Every line of the entries below from the one containing "A wedding party" to the one containing "A living room with a sofa, a", both ends included, must be written out exactly. No other line belongs in the answer.

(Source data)
****************************************
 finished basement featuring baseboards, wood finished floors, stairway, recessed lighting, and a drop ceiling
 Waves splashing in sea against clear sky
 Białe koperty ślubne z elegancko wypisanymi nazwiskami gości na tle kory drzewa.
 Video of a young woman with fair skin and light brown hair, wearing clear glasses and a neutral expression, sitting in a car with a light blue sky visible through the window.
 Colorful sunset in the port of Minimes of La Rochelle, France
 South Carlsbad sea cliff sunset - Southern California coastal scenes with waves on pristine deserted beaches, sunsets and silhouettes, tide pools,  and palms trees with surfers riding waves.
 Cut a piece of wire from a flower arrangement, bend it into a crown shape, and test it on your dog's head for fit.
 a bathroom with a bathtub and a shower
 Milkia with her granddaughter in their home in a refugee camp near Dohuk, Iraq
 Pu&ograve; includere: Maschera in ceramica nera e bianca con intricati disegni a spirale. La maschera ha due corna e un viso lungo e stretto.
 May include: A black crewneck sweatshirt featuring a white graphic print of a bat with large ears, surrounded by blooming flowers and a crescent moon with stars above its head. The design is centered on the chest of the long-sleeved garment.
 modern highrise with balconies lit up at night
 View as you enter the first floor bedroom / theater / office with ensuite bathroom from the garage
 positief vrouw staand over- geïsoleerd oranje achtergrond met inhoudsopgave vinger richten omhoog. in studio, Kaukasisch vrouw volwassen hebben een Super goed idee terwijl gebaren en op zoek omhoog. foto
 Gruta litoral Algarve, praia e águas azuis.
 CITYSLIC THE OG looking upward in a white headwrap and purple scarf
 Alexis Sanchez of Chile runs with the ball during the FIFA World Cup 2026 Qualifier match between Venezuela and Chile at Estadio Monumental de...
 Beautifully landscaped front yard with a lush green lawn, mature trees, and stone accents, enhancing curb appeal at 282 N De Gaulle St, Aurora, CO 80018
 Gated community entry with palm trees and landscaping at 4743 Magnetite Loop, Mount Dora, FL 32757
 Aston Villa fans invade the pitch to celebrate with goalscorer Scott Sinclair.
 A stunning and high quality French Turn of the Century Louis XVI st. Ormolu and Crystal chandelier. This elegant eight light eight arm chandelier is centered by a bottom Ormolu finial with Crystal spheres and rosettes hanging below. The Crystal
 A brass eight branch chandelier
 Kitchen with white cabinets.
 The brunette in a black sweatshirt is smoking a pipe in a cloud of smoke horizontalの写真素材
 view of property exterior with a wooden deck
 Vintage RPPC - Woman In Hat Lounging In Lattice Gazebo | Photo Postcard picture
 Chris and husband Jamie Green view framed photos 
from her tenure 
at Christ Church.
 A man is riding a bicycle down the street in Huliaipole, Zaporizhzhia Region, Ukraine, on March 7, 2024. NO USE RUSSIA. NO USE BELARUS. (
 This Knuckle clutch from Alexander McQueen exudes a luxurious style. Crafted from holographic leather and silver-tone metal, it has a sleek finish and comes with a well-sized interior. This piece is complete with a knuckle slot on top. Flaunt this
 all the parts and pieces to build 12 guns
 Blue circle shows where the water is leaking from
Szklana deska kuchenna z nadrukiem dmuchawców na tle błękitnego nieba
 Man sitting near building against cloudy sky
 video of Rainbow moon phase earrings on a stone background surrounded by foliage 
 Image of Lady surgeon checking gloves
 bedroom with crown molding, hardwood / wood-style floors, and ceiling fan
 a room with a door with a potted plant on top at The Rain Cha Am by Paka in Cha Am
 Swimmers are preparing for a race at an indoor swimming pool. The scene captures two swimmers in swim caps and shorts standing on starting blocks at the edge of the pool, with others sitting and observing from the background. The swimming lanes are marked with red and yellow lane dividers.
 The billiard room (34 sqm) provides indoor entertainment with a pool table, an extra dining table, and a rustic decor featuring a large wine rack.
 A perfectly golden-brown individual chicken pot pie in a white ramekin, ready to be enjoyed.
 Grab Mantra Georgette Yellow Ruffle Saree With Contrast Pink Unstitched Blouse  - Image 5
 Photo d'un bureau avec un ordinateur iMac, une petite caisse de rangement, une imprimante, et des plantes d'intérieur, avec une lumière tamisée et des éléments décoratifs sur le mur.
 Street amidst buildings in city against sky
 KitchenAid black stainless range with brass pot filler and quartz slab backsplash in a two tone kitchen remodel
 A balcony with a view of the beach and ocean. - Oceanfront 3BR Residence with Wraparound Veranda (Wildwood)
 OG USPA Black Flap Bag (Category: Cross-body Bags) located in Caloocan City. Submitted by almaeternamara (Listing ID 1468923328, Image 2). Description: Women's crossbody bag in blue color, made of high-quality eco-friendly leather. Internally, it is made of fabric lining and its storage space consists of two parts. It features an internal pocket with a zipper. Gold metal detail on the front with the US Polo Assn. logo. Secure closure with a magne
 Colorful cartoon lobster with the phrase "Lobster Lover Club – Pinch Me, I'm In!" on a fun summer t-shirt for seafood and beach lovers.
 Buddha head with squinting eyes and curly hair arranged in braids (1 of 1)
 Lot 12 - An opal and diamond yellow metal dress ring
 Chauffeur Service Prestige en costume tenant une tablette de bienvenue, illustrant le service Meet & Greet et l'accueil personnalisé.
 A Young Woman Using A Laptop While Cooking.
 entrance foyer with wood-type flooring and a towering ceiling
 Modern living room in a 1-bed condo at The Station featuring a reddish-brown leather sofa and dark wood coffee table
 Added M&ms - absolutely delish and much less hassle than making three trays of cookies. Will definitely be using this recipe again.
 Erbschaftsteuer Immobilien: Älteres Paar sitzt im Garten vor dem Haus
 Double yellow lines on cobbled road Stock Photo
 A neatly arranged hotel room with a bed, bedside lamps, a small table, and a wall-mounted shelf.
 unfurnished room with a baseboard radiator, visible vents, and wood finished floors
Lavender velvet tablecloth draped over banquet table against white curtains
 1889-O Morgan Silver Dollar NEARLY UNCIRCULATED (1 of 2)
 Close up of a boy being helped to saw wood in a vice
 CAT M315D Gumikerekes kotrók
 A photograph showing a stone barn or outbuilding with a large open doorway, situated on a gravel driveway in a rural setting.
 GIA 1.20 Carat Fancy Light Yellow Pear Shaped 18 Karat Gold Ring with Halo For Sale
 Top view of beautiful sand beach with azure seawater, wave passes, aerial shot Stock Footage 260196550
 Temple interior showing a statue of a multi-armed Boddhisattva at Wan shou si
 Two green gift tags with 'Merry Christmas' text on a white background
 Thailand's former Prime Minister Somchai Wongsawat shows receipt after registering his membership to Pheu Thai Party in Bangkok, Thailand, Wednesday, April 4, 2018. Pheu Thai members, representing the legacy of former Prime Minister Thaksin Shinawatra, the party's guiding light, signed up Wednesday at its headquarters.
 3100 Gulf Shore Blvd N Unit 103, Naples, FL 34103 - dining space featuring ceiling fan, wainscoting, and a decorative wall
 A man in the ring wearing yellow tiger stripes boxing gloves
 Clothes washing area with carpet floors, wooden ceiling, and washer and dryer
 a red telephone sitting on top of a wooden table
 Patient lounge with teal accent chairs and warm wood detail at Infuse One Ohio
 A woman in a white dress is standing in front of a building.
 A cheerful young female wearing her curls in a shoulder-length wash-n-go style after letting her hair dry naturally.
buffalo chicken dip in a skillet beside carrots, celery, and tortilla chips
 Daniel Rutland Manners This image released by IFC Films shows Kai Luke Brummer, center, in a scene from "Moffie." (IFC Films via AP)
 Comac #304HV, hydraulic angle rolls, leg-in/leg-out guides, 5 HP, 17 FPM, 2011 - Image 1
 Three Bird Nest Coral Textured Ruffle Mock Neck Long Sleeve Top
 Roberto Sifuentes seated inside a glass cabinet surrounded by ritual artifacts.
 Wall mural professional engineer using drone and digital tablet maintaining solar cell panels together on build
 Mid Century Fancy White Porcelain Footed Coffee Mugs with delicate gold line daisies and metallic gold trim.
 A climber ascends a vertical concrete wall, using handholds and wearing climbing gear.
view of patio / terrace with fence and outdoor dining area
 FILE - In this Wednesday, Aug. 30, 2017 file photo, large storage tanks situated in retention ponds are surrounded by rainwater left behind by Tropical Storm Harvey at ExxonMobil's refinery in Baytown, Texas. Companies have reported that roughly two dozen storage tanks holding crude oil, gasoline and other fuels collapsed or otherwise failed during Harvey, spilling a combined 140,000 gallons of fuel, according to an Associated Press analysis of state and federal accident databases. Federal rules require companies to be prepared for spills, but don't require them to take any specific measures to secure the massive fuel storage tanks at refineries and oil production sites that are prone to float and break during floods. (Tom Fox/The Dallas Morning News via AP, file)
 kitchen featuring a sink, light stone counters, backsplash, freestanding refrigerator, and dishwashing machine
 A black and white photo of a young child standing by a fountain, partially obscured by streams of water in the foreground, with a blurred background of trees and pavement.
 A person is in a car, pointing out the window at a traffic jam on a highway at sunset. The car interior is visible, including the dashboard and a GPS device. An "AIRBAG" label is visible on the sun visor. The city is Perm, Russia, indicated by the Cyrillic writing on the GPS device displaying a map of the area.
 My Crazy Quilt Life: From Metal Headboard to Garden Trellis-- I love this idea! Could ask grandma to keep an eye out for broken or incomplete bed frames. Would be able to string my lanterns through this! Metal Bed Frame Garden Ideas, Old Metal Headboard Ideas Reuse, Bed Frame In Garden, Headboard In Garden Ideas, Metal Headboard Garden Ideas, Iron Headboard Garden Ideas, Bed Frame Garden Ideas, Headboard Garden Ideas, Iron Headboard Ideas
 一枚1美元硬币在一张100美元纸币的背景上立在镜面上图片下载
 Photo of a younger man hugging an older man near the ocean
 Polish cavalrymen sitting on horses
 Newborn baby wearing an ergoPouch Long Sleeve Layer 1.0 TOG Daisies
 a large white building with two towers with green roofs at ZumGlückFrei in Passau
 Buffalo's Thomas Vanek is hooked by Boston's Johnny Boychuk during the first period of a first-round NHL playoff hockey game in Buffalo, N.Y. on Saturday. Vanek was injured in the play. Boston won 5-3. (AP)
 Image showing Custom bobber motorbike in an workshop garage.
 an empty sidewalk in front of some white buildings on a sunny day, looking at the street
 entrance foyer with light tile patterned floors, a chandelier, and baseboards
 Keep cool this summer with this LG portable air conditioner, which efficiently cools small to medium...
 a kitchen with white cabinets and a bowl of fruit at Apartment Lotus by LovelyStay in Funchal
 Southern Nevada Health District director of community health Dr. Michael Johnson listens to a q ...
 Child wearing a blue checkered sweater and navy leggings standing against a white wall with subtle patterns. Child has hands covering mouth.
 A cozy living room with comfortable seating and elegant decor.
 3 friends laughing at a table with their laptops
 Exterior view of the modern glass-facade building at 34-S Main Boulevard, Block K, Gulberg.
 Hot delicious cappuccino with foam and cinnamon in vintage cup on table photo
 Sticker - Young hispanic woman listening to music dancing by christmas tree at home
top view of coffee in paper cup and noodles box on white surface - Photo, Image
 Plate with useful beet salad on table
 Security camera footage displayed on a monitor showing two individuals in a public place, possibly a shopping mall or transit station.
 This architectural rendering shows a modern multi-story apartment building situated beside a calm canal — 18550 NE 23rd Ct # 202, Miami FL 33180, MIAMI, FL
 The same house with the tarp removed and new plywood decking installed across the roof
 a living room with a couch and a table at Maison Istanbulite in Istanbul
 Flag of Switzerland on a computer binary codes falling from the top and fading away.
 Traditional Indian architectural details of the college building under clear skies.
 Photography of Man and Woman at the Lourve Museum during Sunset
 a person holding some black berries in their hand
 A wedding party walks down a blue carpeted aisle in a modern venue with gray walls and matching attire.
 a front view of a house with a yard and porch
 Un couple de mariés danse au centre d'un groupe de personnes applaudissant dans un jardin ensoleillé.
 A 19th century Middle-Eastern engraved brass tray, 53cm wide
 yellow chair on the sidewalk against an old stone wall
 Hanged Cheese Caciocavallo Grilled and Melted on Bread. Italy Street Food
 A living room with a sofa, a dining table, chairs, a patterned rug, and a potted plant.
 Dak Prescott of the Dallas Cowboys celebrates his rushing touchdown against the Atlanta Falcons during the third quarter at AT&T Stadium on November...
****************************************
**Exercise response**.
 A wedding party walks down a blue carpeted aisle in a modern venue with gray walls and matching attire.
 a front view of a house with a yard and porch
 Un couple de mariés danse au centre d'un groupe de personnes applaudissant dans un jardin ensoleillé.
 A 19th century Middle-Eastern engraved brass tray, 53cm wide
 yellow chair on the sidewalk against an old stone wall
 Hanged Cheese Caciocavallo Grilled and Melted on Bread. Italy Street Food
 A living room with a sofa, a dining table, chairs, a patterned rug, and a potted plant.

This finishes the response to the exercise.